I’ve increased my collection of dolls throughout the years, adding dolls from where we have lived and where others have lived in the world. I’ve added quite a few Madame Alexander dolls, especially the smaller dolls from the various nations. I’ve a few of the storybook dolls, including Cinderella and Snow White and even a few historic dolls, Romeo and Juliet, Napoleon and Josephine, Christopher Columbus and Queen Isabella. I have the Little Women dolls, Marmie, Amy, Jo, Beth, & Meg and some other characters. Ed has insisted I keep all the boxes that go with the dolls as they increase their value.

Since we’ve been in the military and traveled all over the world, I’ve collected many dolls from other countries, but the ones that I like the most are the ones with personal attachment; I love the southwestern Indian doll that I bought when we lived in El Paso that reminded me of El Paso’s rich Spanish/Indian heritage. Ed brought me an Alaskan Eskimo doll when he was in Alaska. The Greek dolls with their ethnic costumes Ed got in the Greek islands were special.

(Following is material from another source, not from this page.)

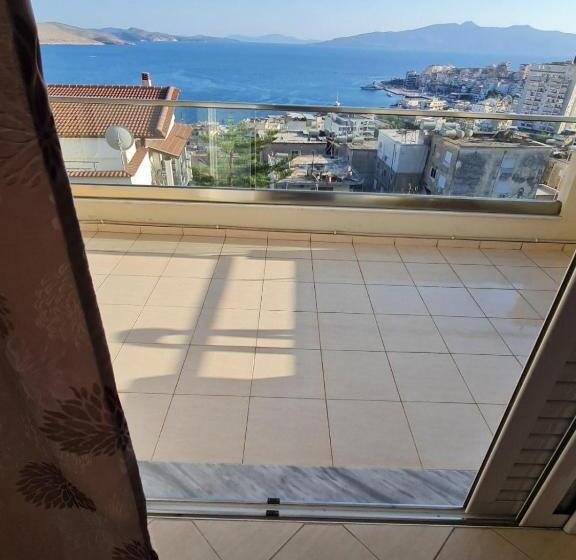 بنسيون Antigoni Bellavista Suites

However, as my collection grew, the dolls that meant the most were the subgenre that became my “women at work” collection showing women all over the world doing work—the handmade Scottish doll that a British friend sent me of a woman mending fishing nets; the handmade Italian doll that an Italian sister made showing a woman knitting; a Korean doll dancing in an ethnic costume with a fan; the authentic French wooden Provence dolls of women selling bread, gathering flowers, and doing other domestic tasks. The Vietnamese doll balancing her barrels; the African doll with the jug on her head; the Israeli woman with her basket on her hip.

These were the dolls that meant the most to me and that I had the hardest time locating. They weren’t found in the tourist markets or on the internet; usually they were given me or I located them through friends. Sometimes I found one at The Deseret Industries or the Good Will store or a garage sale—they seldom were valuable in monetary terms.

Their value to me was in what they represented—the worth of a woman’s work, wherever she is, whatever she does.